1. What’s been the most encouraging thing about leading the York Unity Movement – One Voice York?
Feeling sometimes that I’m a bystander or witness watching what God is doing. Gathering the leaders together and giving them an appetite for praying together. Simply put, the feeling that God is up to something and I’ve been watching it happen.
2. What’s the biggest challenge to building unity?
Always for those of us who are keen on the idea to guard our own hearts. It would be easy to take offense when we encounter those that don’t want to be part of the movement or who don’t get it. Sometimes they act in ways that seem cruel and hurtful.
3. What advice would you give someone starting this journey?
I’m not sure a person can decide to do it. A lot depends on whether others believe that you are placed in a particular strategic position. If it turns out that somebody finds themselves in that position, with others looking to them, all they can do is do their best and remember that it’s God’s work.
4. Where do you see things going in the future for York?

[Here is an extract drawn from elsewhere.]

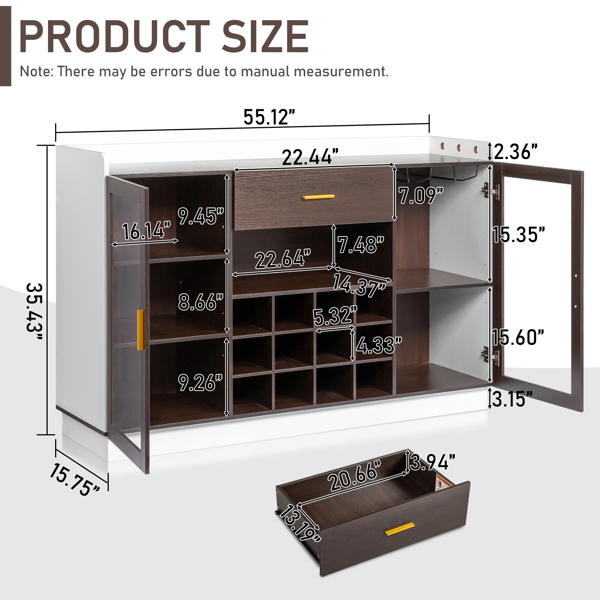 FCH Double Glass Door with Single Drawer and 12-Bottle Wine Rack Sideboard in Black Frame + White-Brown Interior Panels - Particle Board and Glass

In York the unity movement, One Voice York, is in the process of change. It was a plan some years ago that I would resign this year and hand over to a successor. That process is in hand now. It will result in a change of working relationships as the center of gravity shifts within the group. I embrace change. I founded the prayer meeting nearly 20 years ago, it is time for the younger leaders to step forward.
5. How did you balance leading a church and a unity movement?
With care! I had to remember who paid my salary and keep things in balance. I knew that the church I served were pleased they were impacting the city through me as their representative. Time management is always a challenge but gathering weekly with other leaders of churches and Christian ministries to pay for the city (we began in the summer of 1999) has been something I judged as a priority for me, for the call I carried and for the church I have served.
6. Why is this unity movement thing important?
Because it is an historic phenomenon unique to our times. It is something that God is blowing along, which contradicts hundreds of years of church history. Followers of Christ are now accepting that they have differences but are laying them aside as they step up to the plate. They are acknowledging our familial relationship, within the body of Christ, in order to work together bringing the presence of Christ into a lost world.